▶ Requirement
Please repeat, from the entries that follow, the lines from the one containing "Book Cover for Texts" through the one containing "Aristotle on knowledge" exactly, adding nothing.

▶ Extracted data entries
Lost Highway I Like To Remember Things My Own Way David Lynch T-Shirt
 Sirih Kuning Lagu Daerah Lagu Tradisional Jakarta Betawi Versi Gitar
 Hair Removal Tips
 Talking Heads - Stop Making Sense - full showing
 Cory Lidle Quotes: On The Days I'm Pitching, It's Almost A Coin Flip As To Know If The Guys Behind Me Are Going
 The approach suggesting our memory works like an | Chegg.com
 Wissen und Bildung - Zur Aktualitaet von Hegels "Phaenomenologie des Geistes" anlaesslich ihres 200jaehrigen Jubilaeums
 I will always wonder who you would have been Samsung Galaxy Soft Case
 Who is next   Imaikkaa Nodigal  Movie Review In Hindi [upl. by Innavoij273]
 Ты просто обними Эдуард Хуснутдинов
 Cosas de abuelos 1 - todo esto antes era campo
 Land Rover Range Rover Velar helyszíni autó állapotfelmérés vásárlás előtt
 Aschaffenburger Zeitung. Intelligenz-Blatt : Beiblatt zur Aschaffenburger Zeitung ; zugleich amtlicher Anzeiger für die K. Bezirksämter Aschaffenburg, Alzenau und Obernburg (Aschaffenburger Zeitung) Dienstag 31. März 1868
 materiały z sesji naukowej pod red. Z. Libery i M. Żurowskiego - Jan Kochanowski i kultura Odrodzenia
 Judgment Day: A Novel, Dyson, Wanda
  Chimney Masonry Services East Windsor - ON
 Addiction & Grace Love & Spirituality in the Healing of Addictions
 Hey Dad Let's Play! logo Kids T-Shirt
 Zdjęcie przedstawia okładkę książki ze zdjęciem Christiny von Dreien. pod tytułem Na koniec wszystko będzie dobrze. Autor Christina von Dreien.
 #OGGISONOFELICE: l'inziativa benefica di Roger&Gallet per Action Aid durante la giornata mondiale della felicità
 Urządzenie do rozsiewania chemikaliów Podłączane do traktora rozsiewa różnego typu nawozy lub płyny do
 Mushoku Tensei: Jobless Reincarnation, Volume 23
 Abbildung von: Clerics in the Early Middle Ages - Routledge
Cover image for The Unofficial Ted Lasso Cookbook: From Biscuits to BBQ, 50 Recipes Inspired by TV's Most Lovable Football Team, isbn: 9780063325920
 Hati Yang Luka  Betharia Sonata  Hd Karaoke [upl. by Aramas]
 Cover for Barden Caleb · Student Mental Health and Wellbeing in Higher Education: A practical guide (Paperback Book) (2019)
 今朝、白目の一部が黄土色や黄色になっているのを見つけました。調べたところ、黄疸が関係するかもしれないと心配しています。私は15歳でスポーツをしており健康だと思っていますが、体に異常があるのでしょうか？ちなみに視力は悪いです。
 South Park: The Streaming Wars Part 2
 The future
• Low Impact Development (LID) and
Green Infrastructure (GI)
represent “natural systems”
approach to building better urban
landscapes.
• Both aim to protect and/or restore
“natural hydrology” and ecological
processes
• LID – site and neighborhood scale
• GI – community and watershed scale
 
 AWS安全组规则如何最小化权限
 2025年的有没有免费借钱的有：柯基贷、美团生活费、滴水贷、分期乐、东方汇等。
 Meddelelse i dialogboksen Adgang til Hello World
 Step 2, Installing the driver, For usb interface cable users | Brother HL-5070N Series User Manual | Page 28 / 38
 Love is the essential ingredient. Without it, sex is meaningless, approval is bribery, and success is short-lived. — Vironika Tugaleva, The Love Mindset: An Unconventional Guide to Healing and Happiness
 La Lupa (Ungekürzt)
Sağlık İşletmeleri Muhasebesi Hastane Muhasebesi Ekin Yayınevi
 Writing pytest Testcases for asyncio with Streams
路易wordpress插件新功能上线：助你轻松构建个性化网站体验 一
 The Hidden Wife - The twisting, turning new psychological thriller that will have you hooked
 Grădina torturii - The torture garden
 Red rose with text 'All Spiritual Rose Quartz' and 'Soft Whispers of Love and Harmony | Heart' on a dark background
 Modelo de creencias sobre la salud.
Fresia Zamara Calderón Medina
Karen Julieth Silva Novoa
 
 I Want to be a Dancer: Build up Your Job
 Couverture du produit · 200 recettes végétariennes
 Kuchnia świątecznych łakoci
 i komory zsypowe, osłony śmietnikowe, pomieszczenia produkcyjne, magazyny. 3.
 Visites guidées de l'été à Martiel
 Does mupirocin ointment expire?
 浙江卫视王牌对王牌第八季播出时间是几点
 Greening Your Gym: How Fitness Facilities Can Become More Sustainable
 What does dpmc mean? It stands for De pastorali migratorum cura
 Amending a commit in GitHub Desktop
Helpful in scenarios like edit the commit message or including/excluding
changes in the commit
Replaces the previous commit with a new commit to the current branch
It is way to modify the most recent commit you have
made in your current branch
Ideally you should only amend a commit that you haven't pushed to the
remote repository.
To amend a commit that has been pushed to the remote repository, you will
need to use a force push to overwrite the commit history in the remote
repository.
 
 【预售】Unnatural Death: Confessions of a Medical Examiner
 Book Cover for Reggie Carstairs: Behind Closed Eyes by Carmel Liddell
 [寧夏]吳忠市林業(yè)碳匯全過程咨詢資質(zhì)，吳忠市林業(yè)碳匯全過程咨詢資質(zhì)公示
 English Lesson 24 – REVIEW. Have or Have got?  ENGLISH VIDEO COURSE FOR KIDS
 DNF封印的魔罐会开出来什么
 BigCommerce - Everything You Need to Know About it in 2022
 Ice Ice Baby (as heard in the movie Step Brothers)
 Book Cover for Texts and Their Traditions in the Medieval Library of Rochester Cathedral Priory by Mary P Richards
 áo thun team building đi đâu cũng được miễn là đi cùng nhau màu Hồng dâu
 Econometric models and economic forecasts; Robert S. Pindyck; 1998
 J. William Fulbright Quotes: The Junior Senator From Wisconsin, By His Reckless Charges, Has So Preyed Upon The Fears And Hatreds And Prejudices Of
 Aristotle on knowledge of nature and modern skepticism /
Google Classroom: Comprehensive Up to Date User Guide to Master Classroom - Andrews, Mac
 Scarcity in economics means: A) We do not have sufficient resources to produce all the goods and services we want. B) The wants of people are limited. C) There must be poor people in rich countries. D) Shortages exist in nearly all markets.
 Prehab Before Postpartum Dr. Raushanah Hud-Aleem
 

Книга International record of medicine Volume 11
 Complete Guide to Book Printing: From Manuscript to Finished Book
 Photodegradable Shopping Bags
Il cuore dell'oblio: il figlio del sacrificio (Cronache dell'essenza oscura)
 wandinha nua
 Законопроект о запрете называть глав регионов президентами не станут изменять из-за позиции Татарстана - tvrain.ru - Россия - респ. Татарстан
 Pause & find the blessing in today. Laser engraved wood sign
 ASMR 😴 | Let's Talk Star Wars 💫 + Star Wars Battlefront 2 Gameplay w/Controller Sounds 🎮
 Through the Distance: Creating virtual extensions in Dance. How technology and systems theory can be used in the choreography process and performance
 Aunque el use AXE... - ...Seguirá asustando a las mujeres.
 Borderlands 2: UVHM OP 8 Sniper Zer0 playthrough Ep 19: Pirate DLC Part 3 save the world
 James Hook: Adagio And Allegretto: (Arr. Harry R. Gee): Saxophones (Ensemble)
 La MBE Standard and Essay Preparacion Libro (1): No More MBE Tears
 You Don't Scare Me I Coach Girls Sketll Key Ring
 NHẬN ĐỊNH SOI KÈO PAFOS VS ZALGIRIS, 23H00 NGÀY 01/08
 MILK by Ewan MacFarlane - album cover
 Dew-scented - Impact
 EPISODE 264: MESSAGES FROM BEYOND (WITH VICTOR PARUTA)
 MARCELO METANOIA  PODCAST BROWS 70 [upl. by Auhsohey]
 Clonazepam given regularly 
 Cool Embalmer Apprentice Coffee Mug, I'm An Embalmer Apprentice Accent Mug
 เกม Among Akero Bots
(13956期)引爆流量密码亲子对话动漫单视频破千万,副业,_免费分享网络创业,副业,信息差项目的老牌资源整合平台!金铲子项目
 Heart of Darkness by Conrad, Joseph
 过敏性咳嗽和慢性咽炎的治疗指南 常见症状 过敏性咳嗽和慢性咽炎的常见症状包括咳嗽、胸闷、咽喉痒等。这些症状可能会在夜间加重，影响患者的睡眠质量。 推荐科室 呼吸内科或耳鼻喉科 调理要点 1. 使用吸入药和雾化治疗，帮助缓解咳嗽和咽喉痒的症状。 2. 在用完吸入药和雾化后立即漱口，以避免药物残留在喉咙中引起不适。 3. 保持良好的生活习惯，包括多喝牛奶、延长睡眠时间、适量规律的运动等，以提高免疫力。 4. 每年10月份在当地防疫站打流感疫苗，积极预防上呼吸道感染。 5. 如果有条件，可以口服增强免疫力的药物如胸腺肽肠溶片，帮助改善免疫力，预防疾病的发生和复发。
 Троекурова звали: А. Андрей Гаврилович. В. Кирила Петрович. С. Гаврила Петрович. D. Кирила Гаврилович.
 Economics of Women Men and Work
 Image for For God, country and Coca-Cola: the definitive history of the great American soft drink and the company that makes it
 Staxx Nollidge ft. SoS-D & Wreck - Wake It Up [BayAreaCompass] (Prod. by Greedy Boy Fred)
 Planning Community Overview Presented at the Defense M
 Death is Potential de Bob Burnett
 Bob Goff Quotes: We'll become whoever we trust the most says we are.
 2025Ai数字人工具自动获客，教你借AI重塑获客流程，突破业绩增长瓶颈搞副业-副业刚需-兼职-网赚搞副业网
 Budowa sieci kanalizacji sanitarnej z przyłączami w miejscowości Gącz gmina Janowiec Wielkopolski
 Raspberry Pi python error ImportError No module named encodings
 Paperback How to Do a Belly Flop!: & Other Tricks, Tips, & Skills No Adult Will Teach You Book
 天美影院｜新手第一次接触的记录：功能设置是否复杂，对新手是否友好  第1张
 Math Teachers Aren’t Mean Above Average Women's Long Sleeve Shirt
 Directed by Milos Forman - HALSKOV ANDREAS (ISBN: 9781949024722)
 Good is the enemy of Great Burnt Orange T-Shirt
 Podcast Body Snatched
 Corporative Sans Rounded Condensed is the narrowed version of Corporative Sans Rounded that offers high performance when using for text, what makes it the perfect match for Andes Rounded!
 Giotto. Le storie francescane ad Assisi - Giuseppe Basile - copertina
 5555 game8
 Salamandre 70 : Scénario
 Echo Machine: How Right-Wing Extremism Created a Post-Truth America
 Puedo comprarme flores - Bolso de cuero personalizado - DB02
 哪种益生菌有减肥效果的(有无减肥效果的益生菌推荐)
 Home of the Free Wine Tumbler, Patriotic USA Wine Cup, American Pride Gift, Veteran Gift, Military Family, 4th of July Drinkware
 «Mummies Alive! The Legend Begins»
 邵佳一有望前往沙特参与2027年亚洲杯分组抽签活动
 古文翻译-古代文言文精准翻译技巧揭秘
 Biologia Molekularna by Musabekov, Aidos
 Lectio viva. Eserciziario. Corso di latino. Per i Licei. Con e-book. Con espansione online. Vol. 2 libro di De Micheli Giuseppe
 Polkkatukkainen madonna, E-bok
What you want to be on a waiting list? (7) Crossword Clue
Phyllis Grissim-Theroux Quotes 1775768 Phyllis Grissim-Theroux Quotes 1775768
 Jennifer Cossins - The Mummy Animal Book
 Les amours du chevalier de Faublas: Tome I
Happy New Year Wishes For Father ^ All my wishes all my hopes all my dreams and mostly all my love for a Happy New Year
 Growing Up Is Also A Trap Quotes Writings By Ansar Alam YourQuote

▶ Task solution
 Book Cover for Texts and Their Traditions in the Medieval Library of Rochester Cathedral Priory by Mary P Richards
 áo thun team building đi đâu cũng được miễn là đi cùng nhau màu Hồng dâu
 Econometric models and economic forecasts; Robert S. Pindyck; 1998
 J. William Fulbright Quotes: The Junior Senator From Wisconsin, By His Reckless Charges, Has So Preyed Upon The Fears And Hatreds And Prejudices Of
 Aristotle on knowledge of nature and modern skepticism /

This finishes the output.